Review:THIS REVIEW CONTAINS SPOILERS.
I have heard many good things about this novel. So I will admit, I was looking forward to it more than I probably otherwise would have.
It was a good read! It did not live up to the hype for me, but it was an enjoyable read nonetheless, and I was invested in Mari’s journey and in her story. And the fact that hers was not the only story I was invested in – Taro and Akira are both fleshed out and compelling characters – was a mark of a really good storyteller, in my opinion. All three points of views had very distinctive voices, all were sympathetic characters to a certain extent, and if I found myself getting frustrated in their actions, well, it was only because I was invested in their story and was privy to other things they were not.
Even the side characters – the Snow Girl and Asami especially – were compelling characters, and I cared about them. Some parts of the Snow Girl’s dialogue and scenes felt a little childish to me, but it might just also be me?
I did not see myself getting invested in Mari and Taro’s romantic storyline, or a love triangle, but I found myself still charmed by them. I loved that both Mari and Taro were attracted to parts of each other they thought enhanced themselves. It made their feelings believable, because they represented what they wanted and desired in life, and thought they could not get. I loved that even though Mari had no romantic feelings for Akira, it did not make her affection for him less real or poignant. I loved that Akira did not expect Mari’s feelings to be reciprocated even though he hurt about it.

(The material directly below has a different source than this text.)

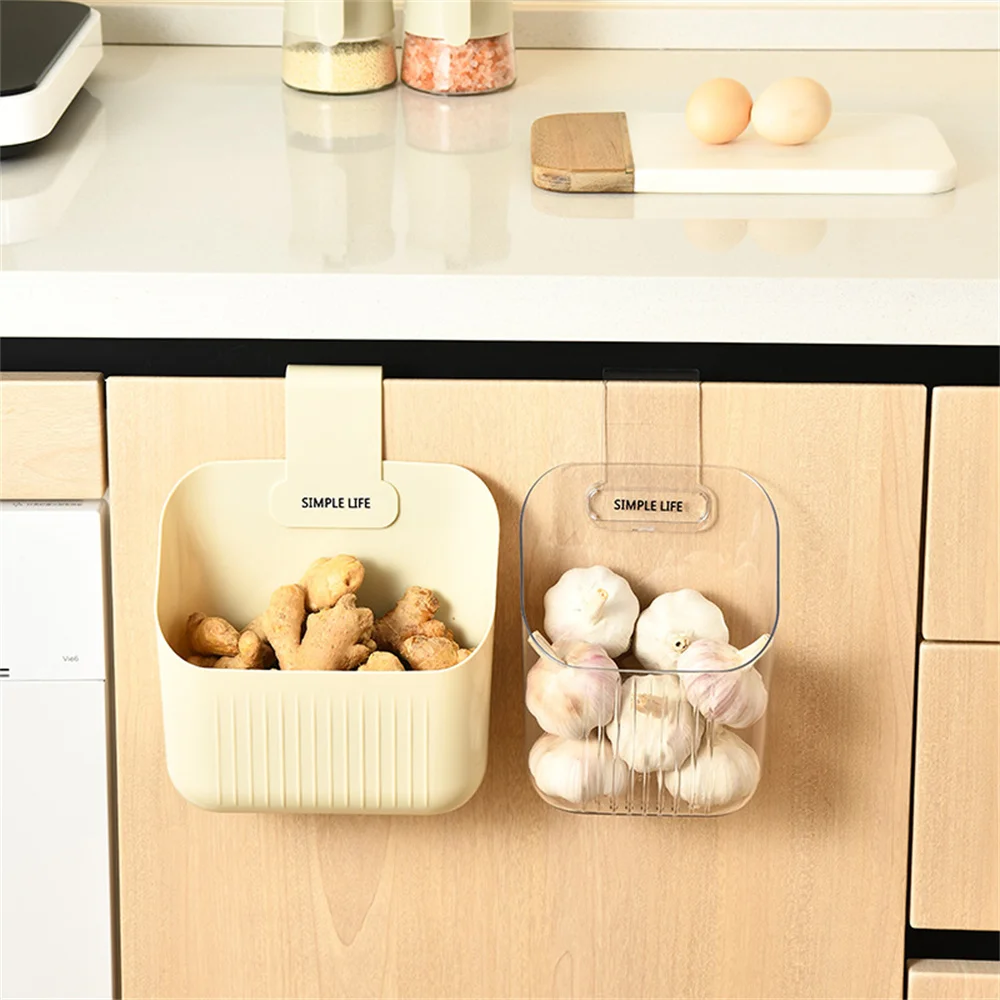 Storage Box Transparent Color Seamless Suspension Installation-free Multipurpose Stackable Draining Rack Storage Rack Cream
Storage Box Transparent Color Seamless Suspension Installation-free Multipurpose Stackable Draining Rack Storage Rack Cream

The competition part seemed less important than I thought it was going to be. I thought it would be longer and have a bigger part in the story, especially since it’s the main draw in the synopsis. But while it was well done and I could feel the stakes, it’s not the heart of the story, and I feel like an opportunity was missed there.
The pacing of the story was a little off for me – it started a bit slow, even as it drew you in – but then the end was super rushed. The epilogue felt like it left a lot of unanswered questions. I honestly do not understand how, in a world that hated and persecuted yokai, the people ended up being okay with an empress that was a yokai. It was a decent enough wrap up, in that the story was complete, but it was rushed and twisted and turned so many times before the end that I was left reeling.

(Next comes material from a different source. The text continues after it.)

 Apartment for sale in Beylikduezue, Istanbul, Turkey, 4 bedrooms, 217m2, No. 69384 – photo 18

Again, it was a good book, but I feel it missed a few opportunities it could have snatched up to be a great book. But I can see a lot of people enjoying it, and I’m glad it exists in this world. We need more stories like this.
(Also, sidetone: my obscure rarepair shipping heart latched on to Hiro/Mari in the beginning of the book even though he was a minor character, and I felt so validated when he was offended on her behalf for her people thinking she wasn’t beautiful. I actually really loved his character and Masa and Ren even though they were so minor characters. Those of you who have read the book, please validate me.)